YOUR TASK - In the listing below, the lines starting at the line with "Polygonia c-album" and ending at the line with "Waterproof dog jumpsuit with booties" are to be output verbatim. Images stay out of the copy.

DATA IN THIS EXERCISE -
----------------------------------------
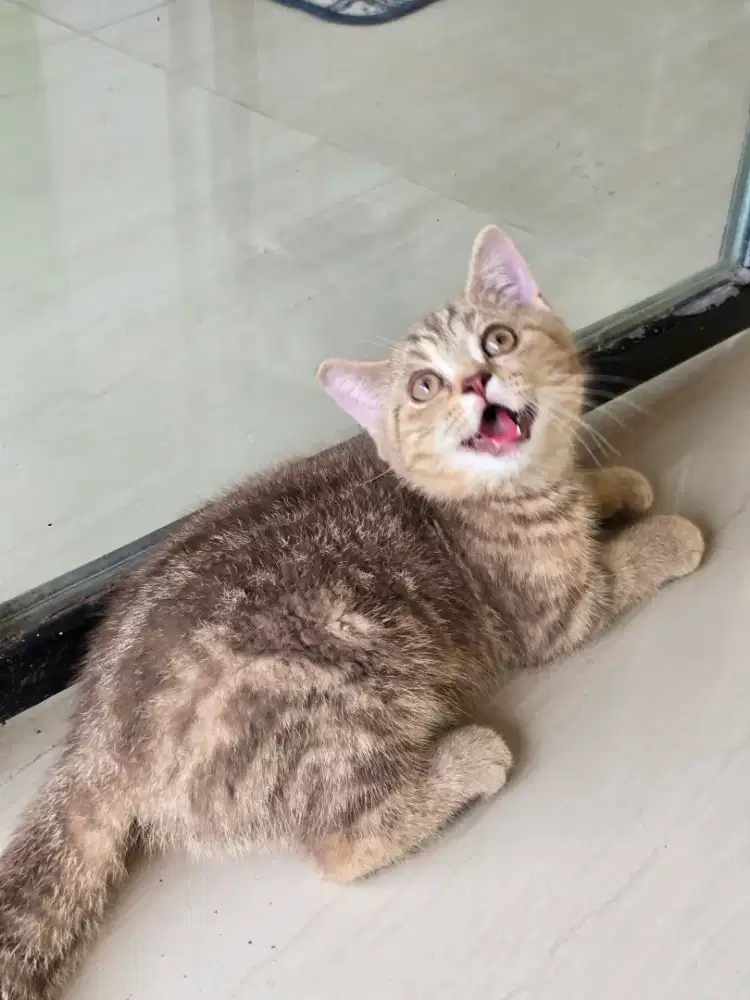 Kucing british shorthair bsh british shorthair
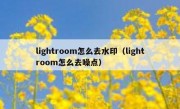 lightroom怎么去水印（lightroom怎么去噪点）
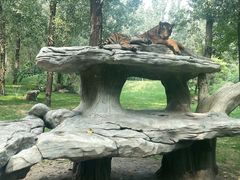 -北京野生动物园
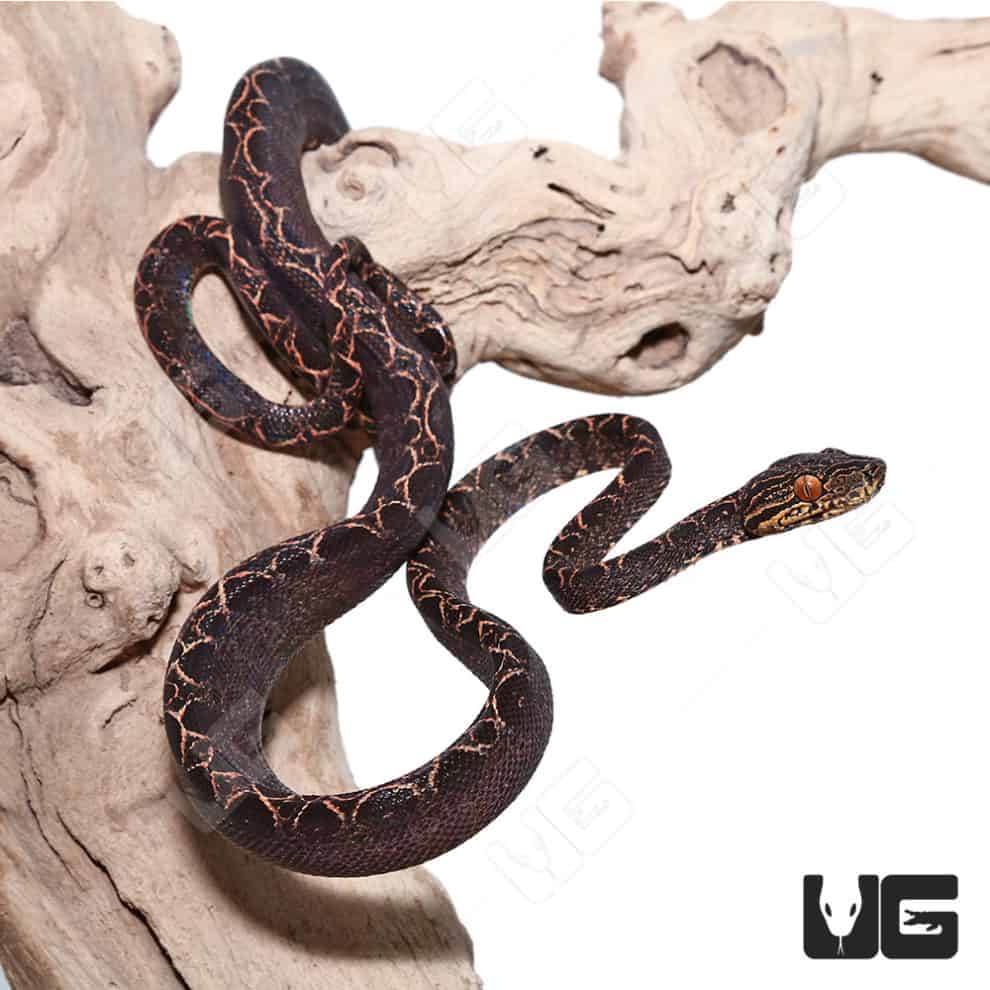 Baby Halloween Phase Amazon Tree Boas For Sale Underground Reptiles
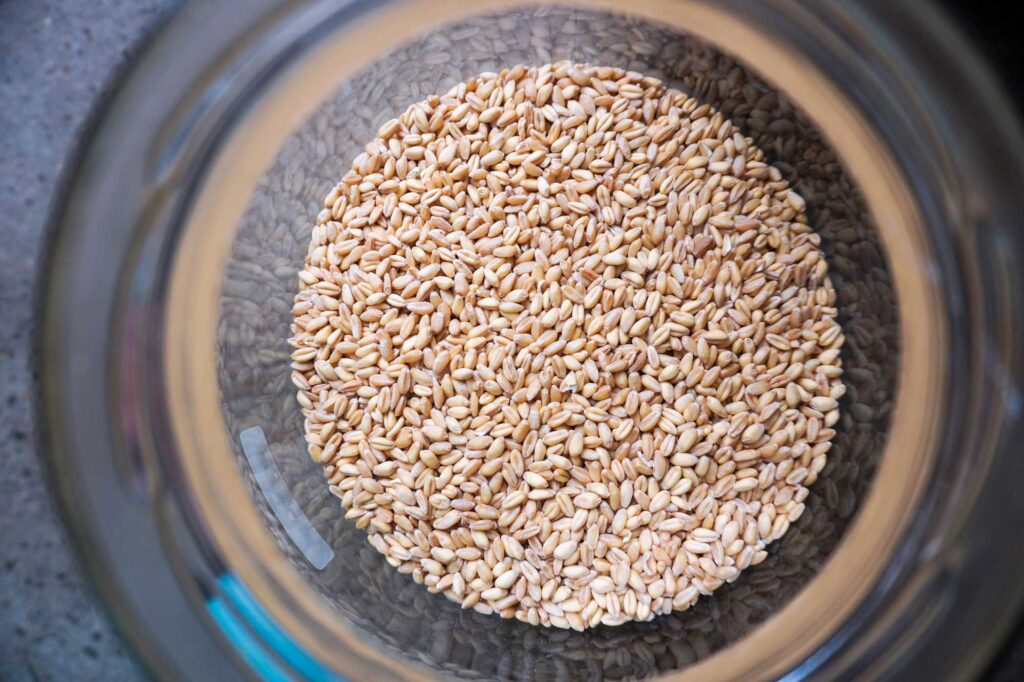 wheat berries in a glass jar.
----------------------------------------
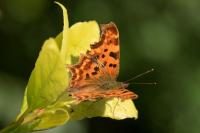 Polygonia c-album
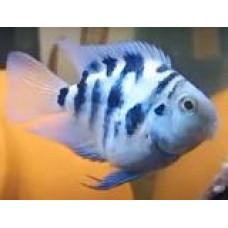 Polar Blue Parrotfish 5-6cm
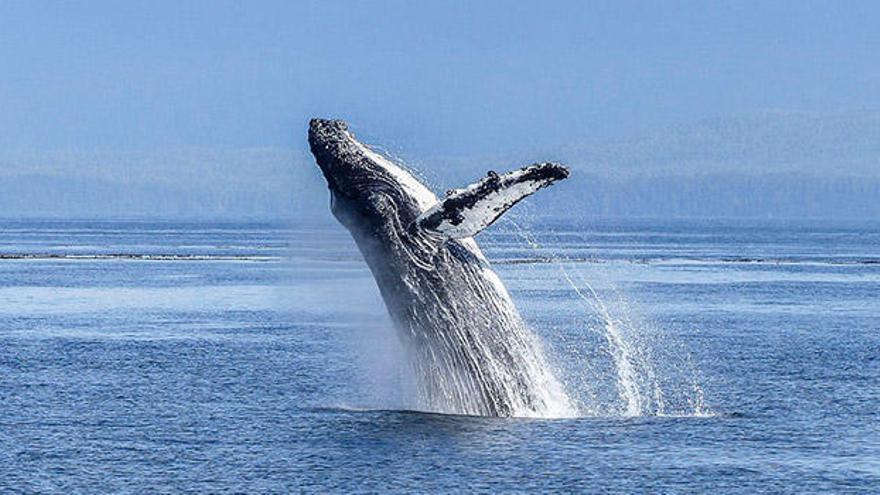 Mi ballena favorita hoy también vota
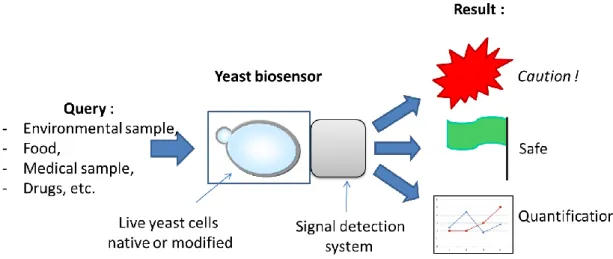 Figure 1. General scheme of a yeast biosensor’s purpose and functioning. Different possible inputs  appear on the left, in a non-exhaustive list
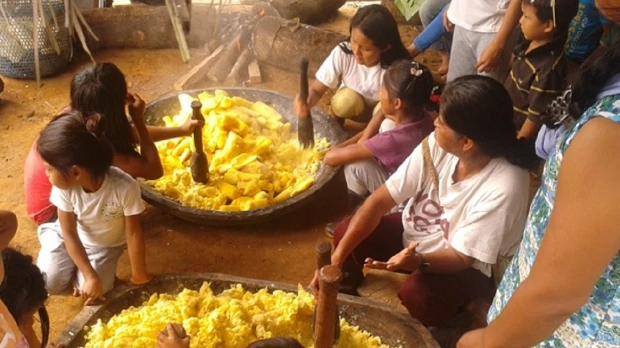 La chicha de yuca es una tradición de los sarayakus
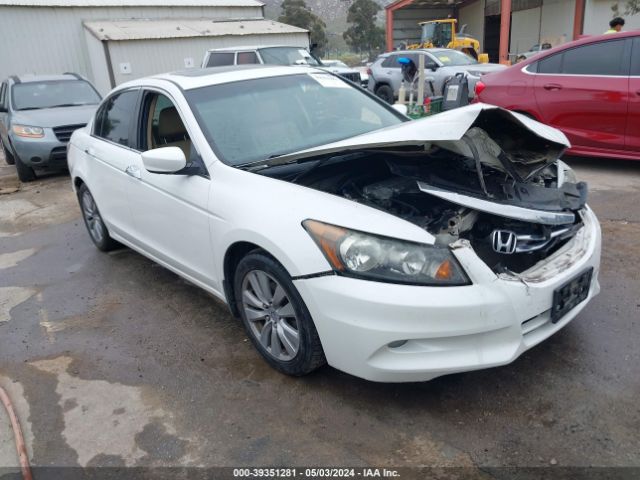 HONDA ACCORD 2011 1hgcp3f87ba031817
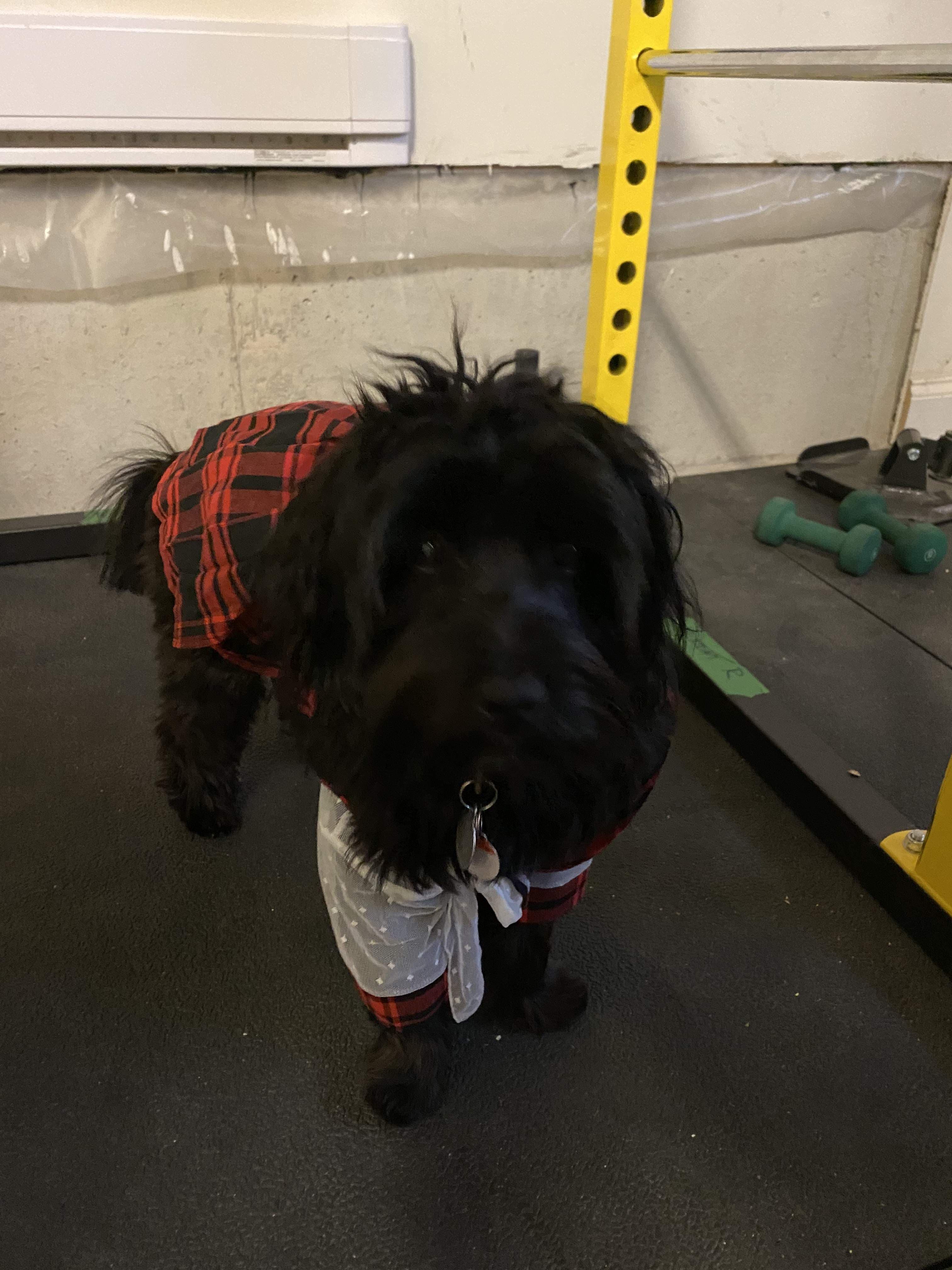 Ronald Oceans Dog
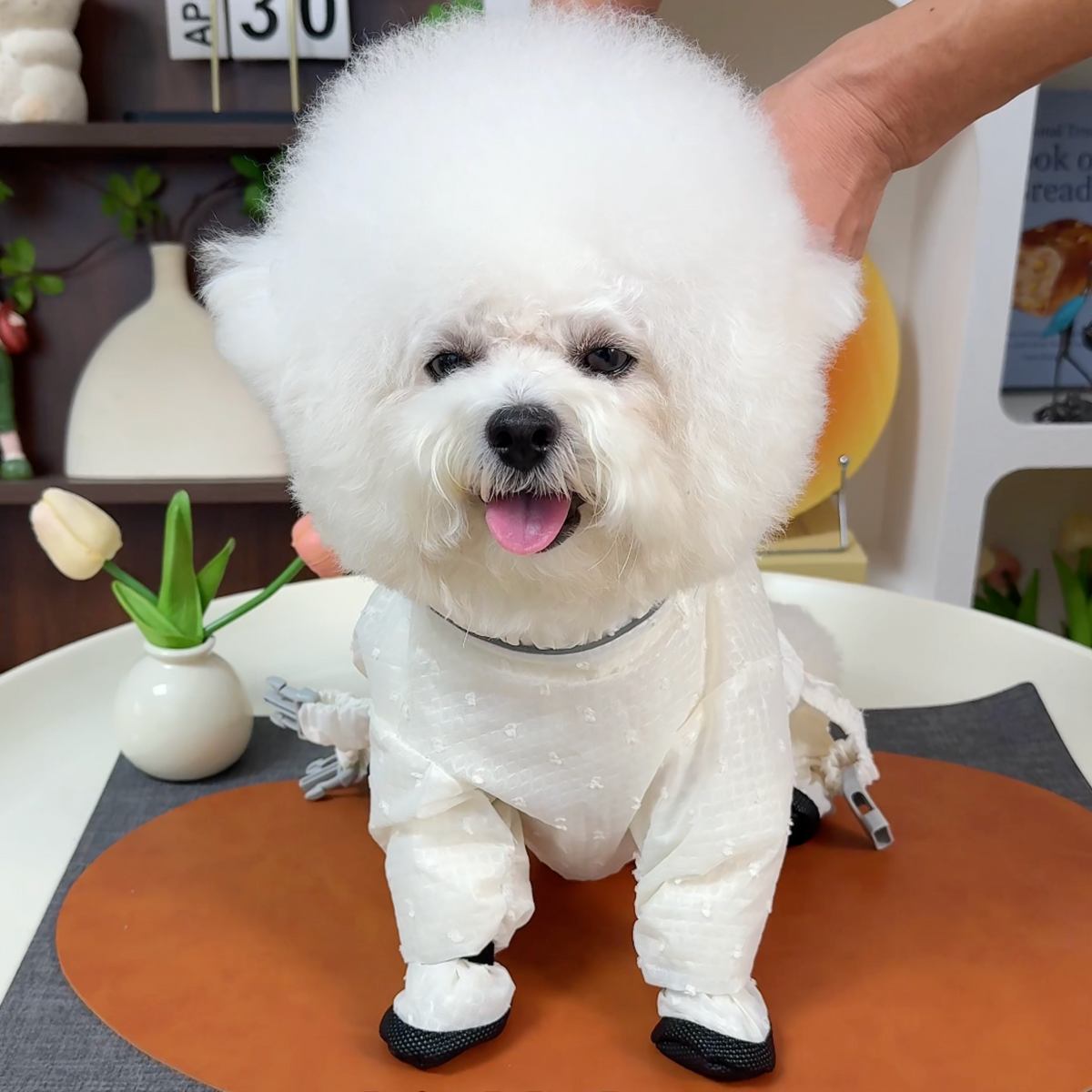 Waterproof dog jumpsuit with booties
----------------------------------------
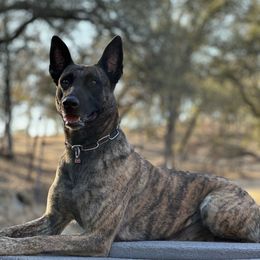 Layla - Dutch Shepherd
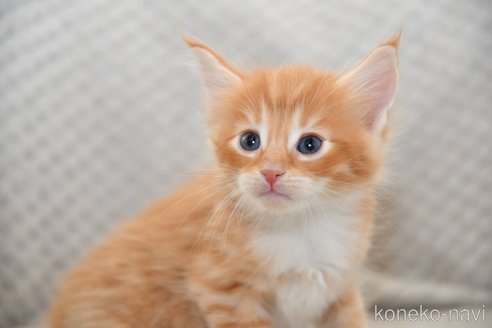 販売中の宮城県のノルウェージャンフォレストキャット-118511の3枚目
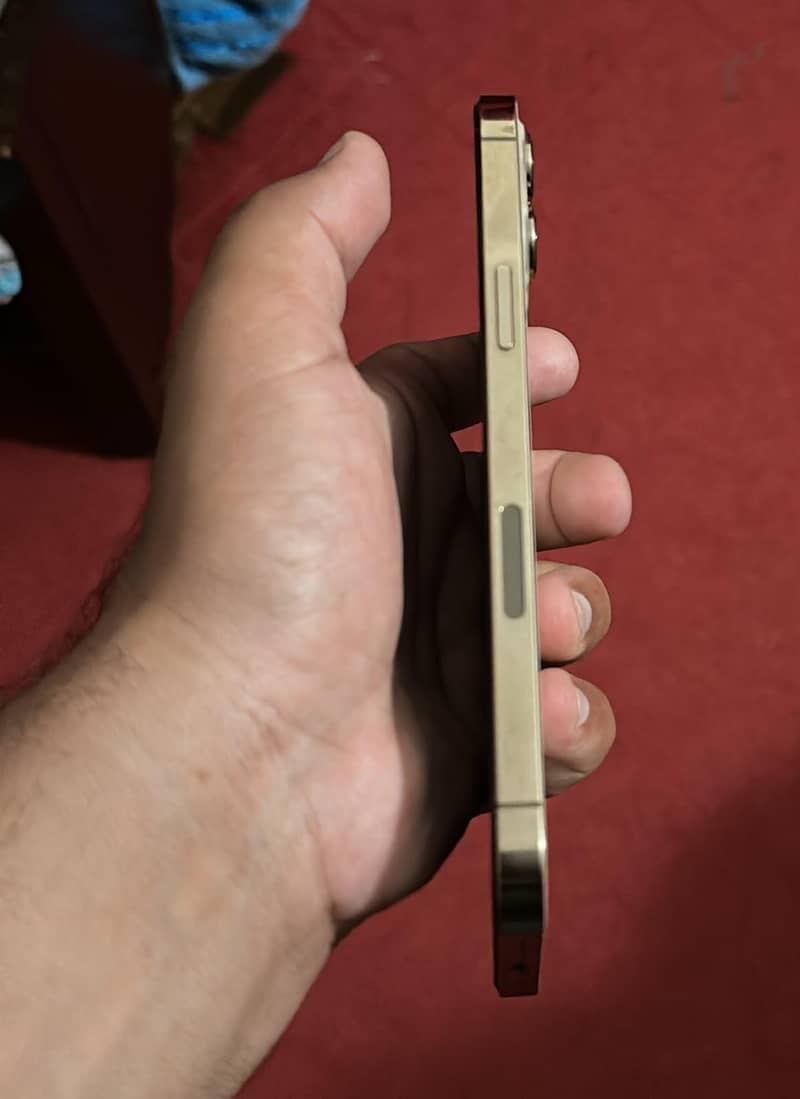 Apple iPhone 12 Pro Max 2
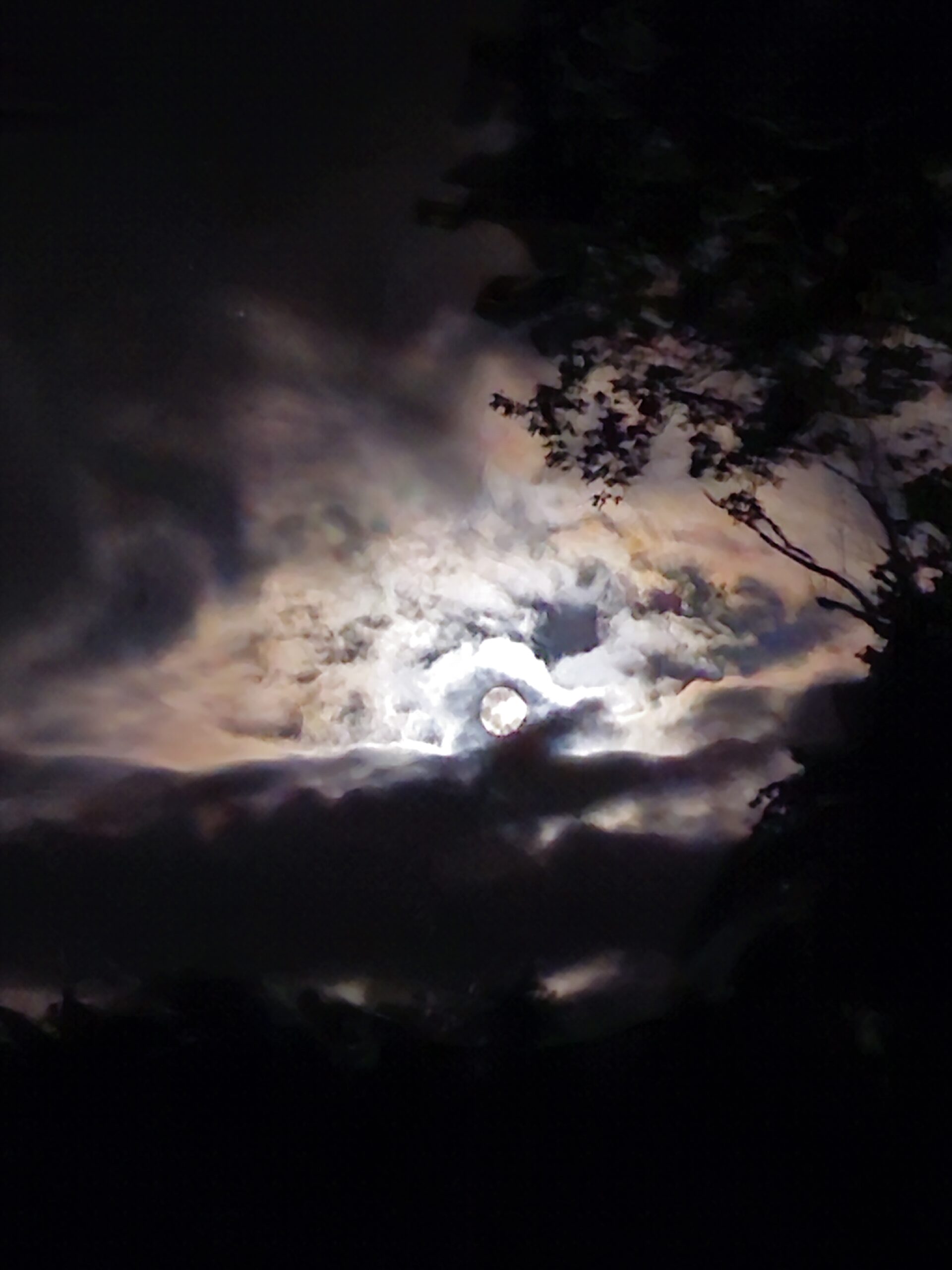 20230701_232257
----------------------------------------
EXERCISE RESPONSE -
 Polygonia c-album
 Polar Blue Parrotfish 5-6cm
 Mi ballena favorita hoy también vota
 Figure 1. General scheme of a yeast biosensor’s purpose and functioning. Different possible inputs  appear on the left, in a non-exhaustive list
 La chicha de yuca es una tradición de los sarayakus
 HONDA ACCORD 2011 1hgcp3f87ba031817
 Ronald Oceans Dog
 Waterproof dog jumpsuit with booties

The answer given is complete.